Posts Tagged ‘personal’

Exactly one year ago, my life changed. While trying to drive home drunk from a local show that I performed at, I crashed my vehicle head on into a tree, totaling it. If not for the airbag, I most likely would have been killed, and it was pure luck that nobody else was on the road around me at the time. This single event, the result of my own stupidity and poor decisions, has made a large impact on my life. The obvious effects are all of the time and money wasted due to the legal repercussions, but really that is just the tip of the iceberg.

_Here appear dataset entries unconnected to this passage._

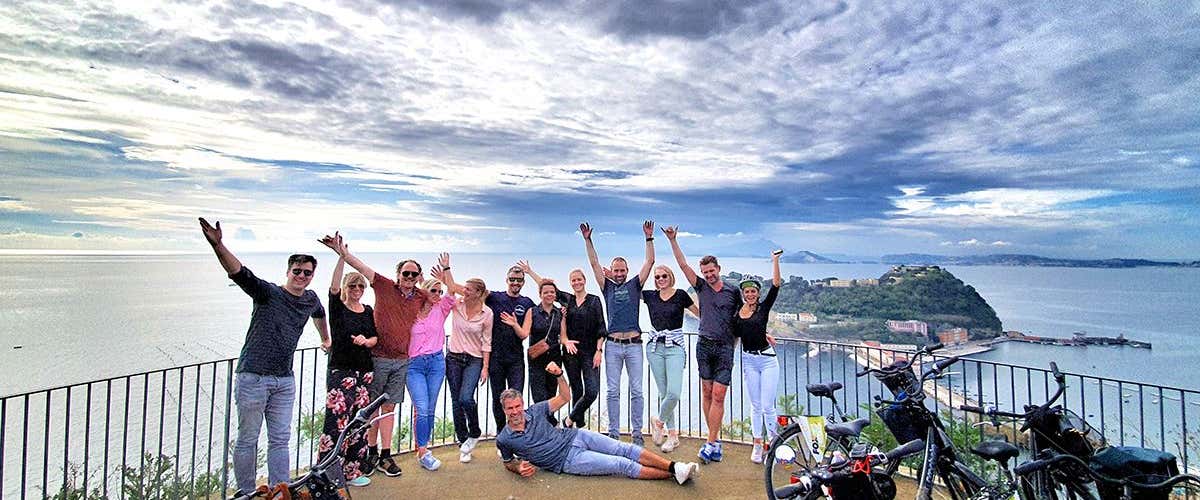 Bike tour panoramico a Posillipo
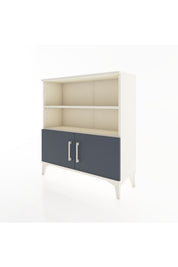 Arges Şifonyer 3 Raflı 2 Kapaklı 88x30x96 - S04M028V2A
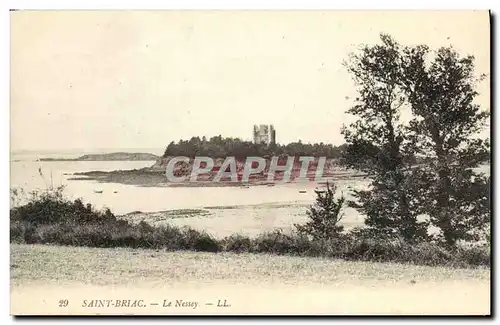 Cartes postales Saint Briac Le Nessey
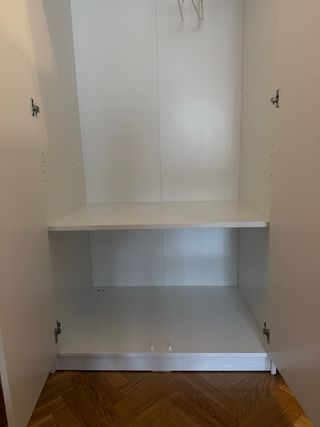 Armario IKEA KLEPPSTAD 2 puertas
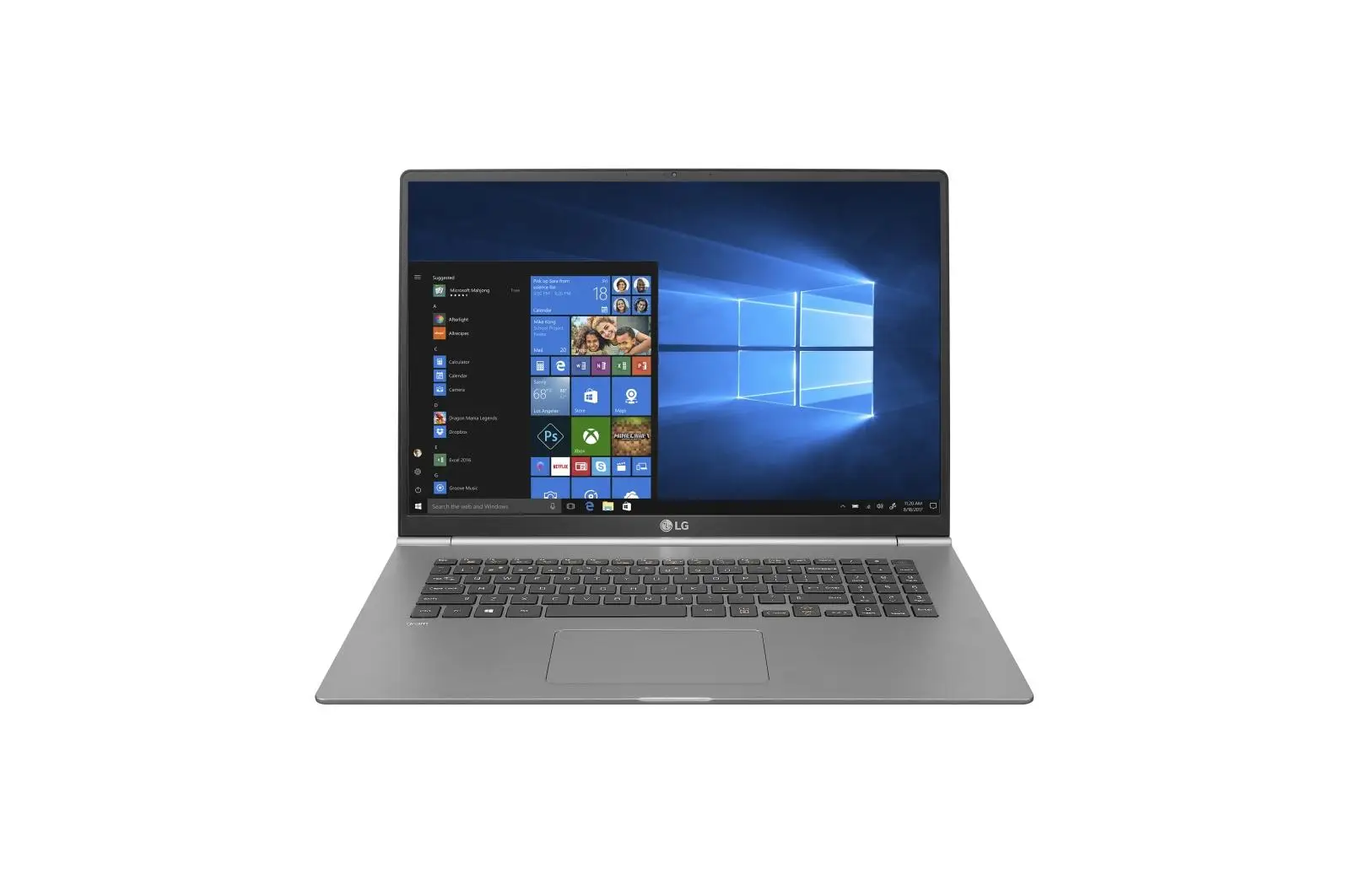 LG 1 Gram 17Z990-R 17Z990-R.AP71U1 17Z990RAP71U1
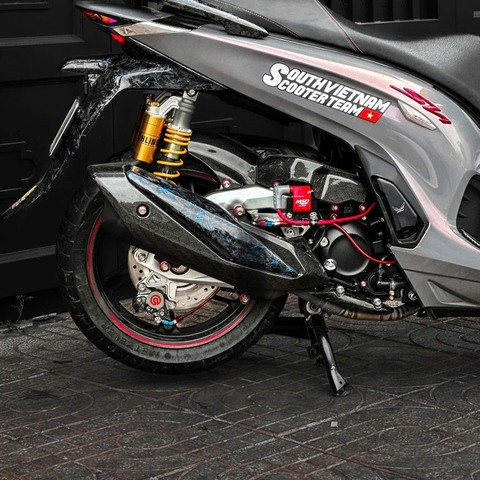 Nhân Dịp Lễ, Sài Gòn Độ Xe Bình Dương Ưu Đãi Lớn Cho Hàng Phuộc OHLINS Chính Hãng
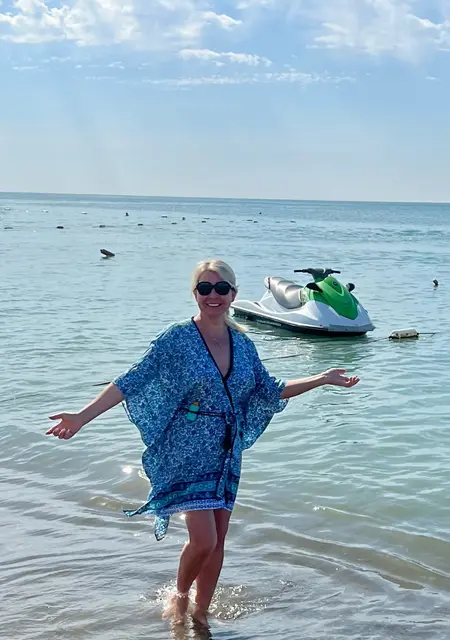 Ольга из Екатеринбурга, ищу на сайте совместные путешествия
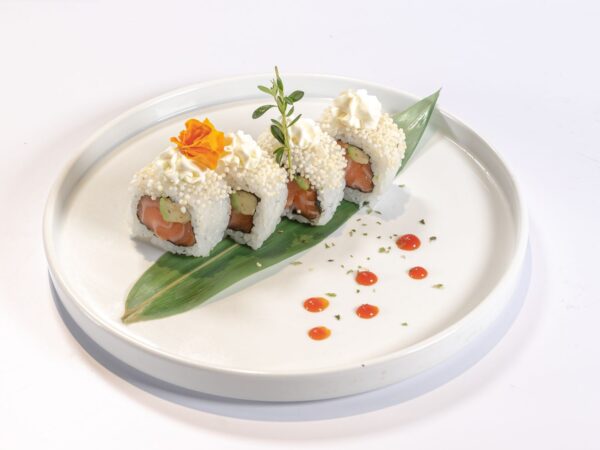 083 - Sake philadelphia 4 pz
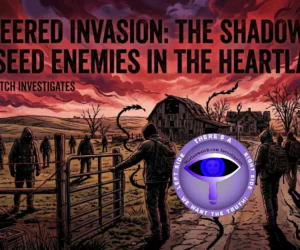 Engineered Invasion: The Shadow Plot to Seed Enemies in the Heartland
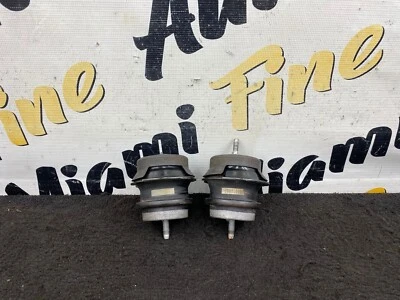 Par de montaje de motor Nissan 370Z izquierda izquierda derecha derecha derecha Nissan 370Z OEM Foto 1 de 4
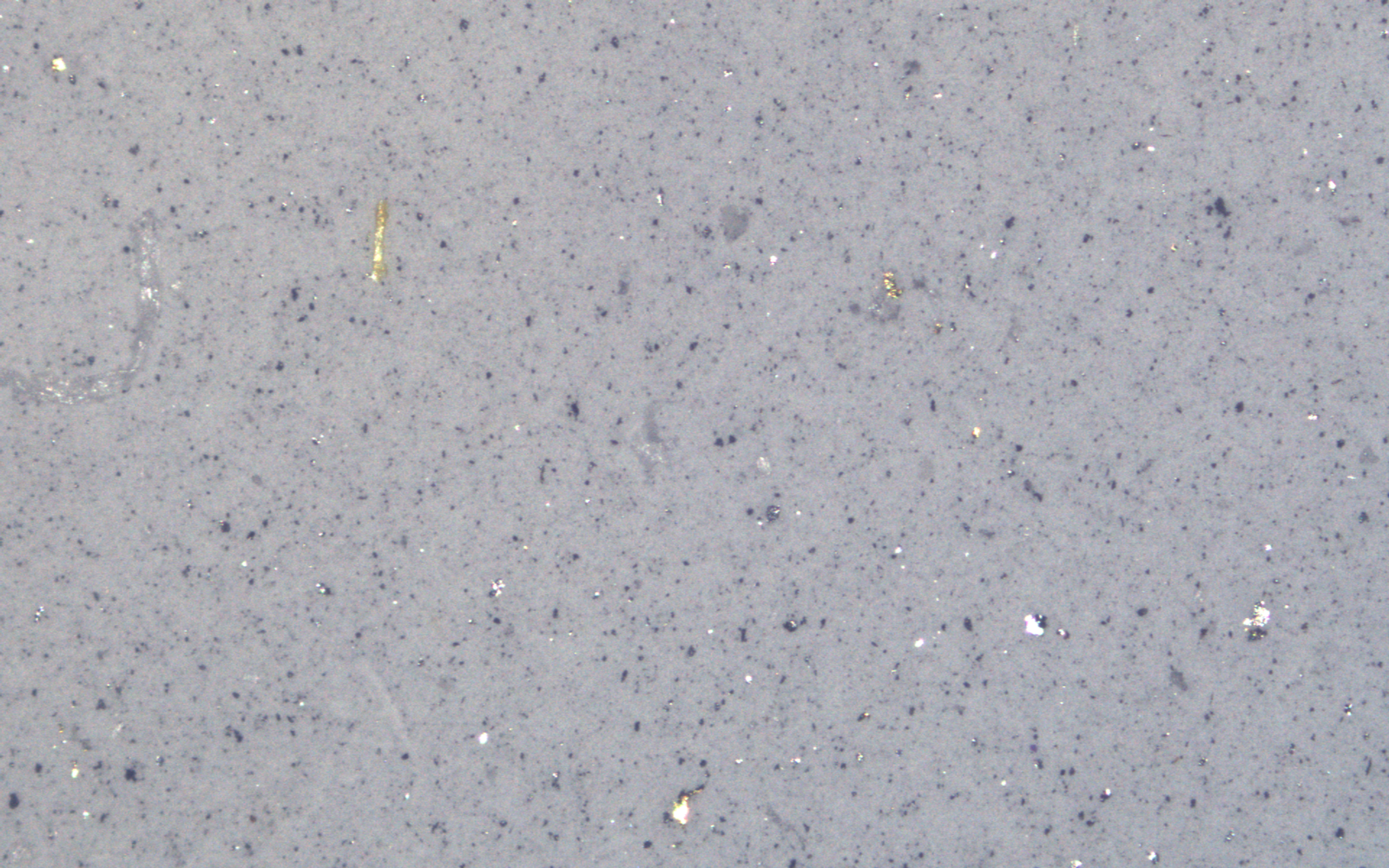 Fluid contamination analysis in hydraulic fluids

Part of the consequences of my actions included a falling out with my creative partner and friend of 18 years. This, in turn, resulted in my departure from Triple Vision, a group that I co-founded and a name I have been representing for a decade and a half. Between all of this and a sudden forced sobriety, I was kind of lost. It felt like a big chunk of myself was torn from me. And getting fed through the system didn’t help matters at all. My heart was full of sorrow and my mind was clouded with anger.

I could have let all of this negativity devour me, as I knew it wanted to, as I might have done in the past. But I didn’t. Instead, I used it as a learning experience. And with the help of a few loving, supportive people, I transformed that energy into positivity and rode the wave of momentum. I booked a summer of shows, rocked them all and collected lots of clothes and food that was donated to those in need. I got my defaulted student loan paid off and went back to school. I finished my drug and alcohol counseling without a hitch and even learned some things in the process. Slowly but surely, I made progress on music for three different projects. I even scored my first (and second!) television appearance. Plus, I got back into my writing, which I’ve been wanting to do for years. And all of this while maintaining a great relationship with my awesome girlfriend, which is an amazing achievement in and of itself, considering I was single for 9 years prior. Oh yeah, and I remained completely clean and sober throughout it all, which I still am.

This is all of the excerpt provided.